Two interesting news articles have come out of Harvard this week: firstly an excellent speech by John Holdren (a Professor of Enviromental Policy) hitting back at the global warming skeptics which is well worth reading: “Global warming is a misnomer… It implies something gradual, uniform, and benign. What we’re experiencing is none of these” (Link). Second, I came across this article (in Fox News of all places) discussing research by Harvard geoscientist Professor Kurt House that suggests de-acidifying oceans could combat climate change. Professor House’s approach seems slightly different than the age old suggestions of seeding the oceans with iron to stimulate phytoplankton blooms (thereby using photosynthesis to absorb CO2) – instead envisioning “treatment plants” that intake water from the oceans and remove naturally occuring hydrochloric acid. In theory, this would work: by making th oceans less acidic, it goes some way to reducing the problems of ocean acidification and increases the CO2 absorbing capacities of the ocean sinks. To quote the lead author of the study: “Essentially, our technology dramatically accelerates a cleaning process that nature herself uses for greenhouse gas accumulation.”

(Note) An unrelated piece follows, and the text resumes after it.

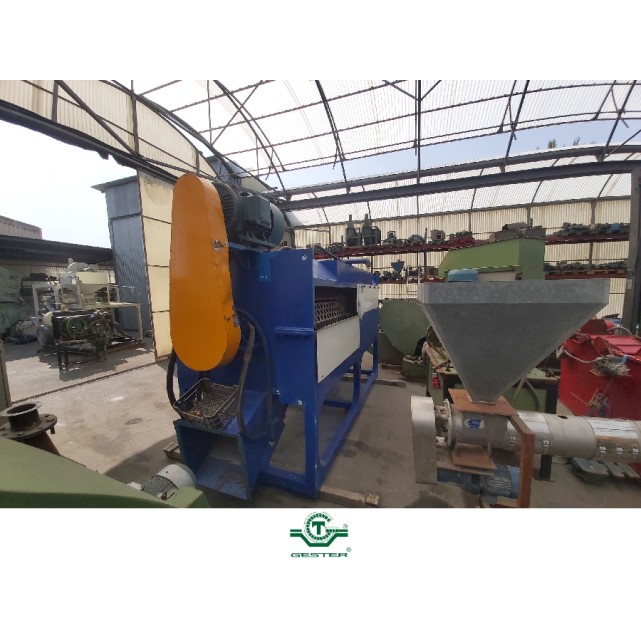 Label and cap remover machine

Such methods may seem radical, but given the dramatic increases in CO2 emissions as i mentioned in my last post, such approaches may become inevitable. A colleague of mine, Dr Ken Caldeira from the Carnegie Institute, Stanford, recently wrote an op-ed piece in the New York Times entitled “How to cool the globe” (link), proposing the seeding of small particles of sulfur into the stratosphere to counteract the effects of global warming. In essence, similar to the eruption of Mt Pinatubo in 1992, pouring a five-gallon bucket’s worth of sulfate particles per second into the stratosphere may just be enough to stop global warming for 50yrs. A quick browse of the literature suggests that the theory behind such a statement rings true enough (link). The best part of this plan? It is easy to achieve through current technology, relatively cheap, and sulfur particles naturally degrade in the environment over time. Although such geoengineering solutions sound like something from a science-fiction novel (I don’t think that our ever skeptic friend Michael Crichton will include one in his novels soon!) they may not be so far-fetched given the growing risk of catastrophe that appears to face us.
While it would be my preference not to interfere in the atmospheric and geological cycles of the planet, the fact that we are doing it anyway with disastrous results, means that we may have to rethink the ethics and begin to play ‘gardener’ to the planet. It may be our last chance given that we have may have kicked off the types of devastating runaway climate impacts that many climate experts are now talking about. Whether we like it or not, we now have to play earth’s gardener or face a very difficult and different future.